[WORK INSTRUCTION]: Look through the records below for the line with "My Immediate Dentures" and the line with "미아 발관리 레푸스 미아점", then return those lines and all lines between, exactly.

[DATA SUPPLIED]:
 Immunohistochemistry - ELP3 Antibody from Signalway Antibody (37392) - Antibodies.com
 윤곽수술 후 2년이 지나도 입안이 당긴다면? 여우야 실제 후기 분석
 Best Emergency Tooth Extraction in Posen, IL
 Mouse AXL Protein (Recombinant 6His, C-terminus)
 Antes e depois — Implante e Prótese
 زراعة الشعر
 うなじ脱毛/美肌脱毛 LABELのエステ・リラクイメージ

...

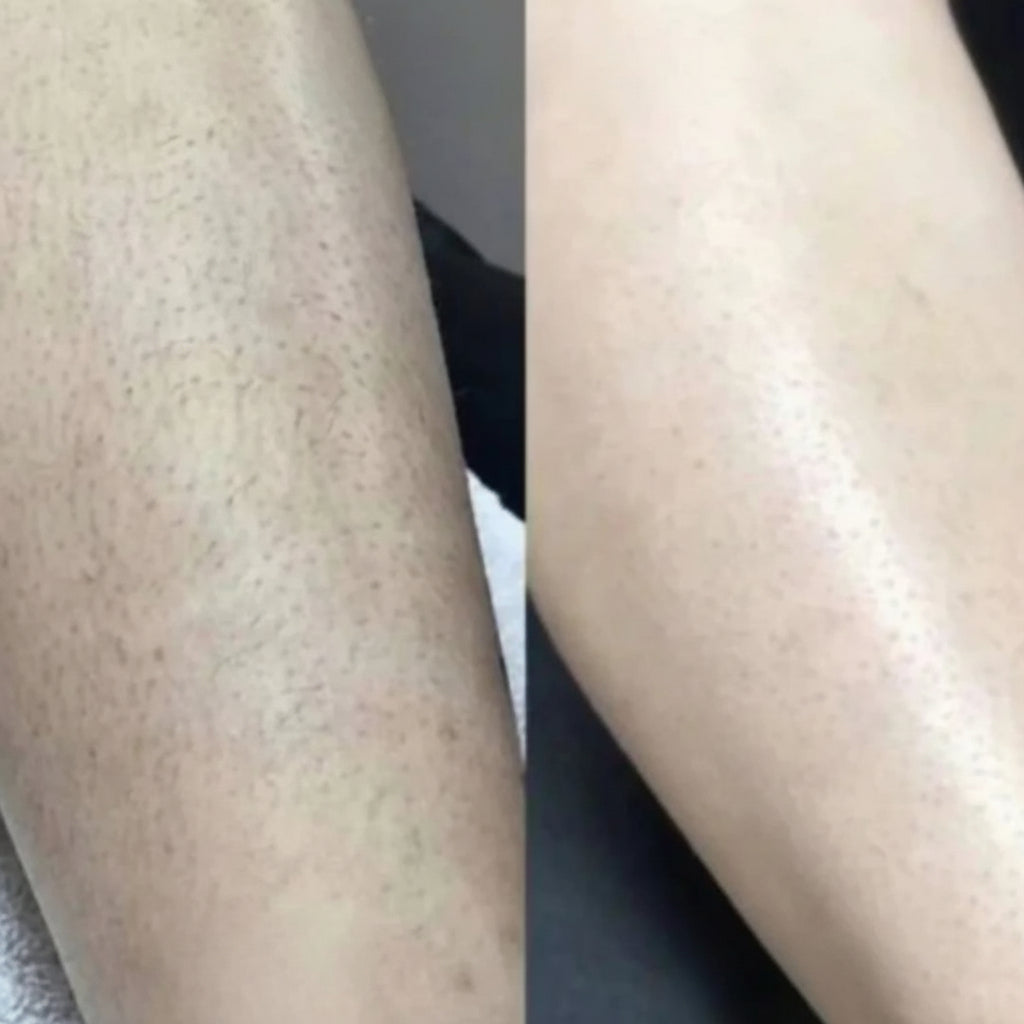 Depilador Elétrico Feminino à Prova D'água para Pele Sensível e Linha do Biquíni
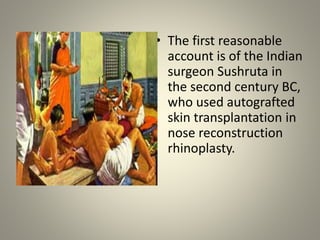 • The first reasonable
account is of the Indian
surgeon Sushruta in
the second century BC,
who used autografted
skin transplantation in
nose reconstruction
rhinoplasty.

--

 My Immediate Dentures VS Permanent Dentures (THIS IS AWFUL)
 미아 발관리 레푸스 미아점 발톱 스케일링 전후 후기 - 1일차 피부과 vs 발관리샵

[EXERCISE RESULT]:
 My Immediate Dentures VS Permanent Dentures (THIS IS AWFUL)
 미아 발관리 레푸스 미아점 발톱 스케일링 전후 후기 - 1일차 피부과 vs 발관리샵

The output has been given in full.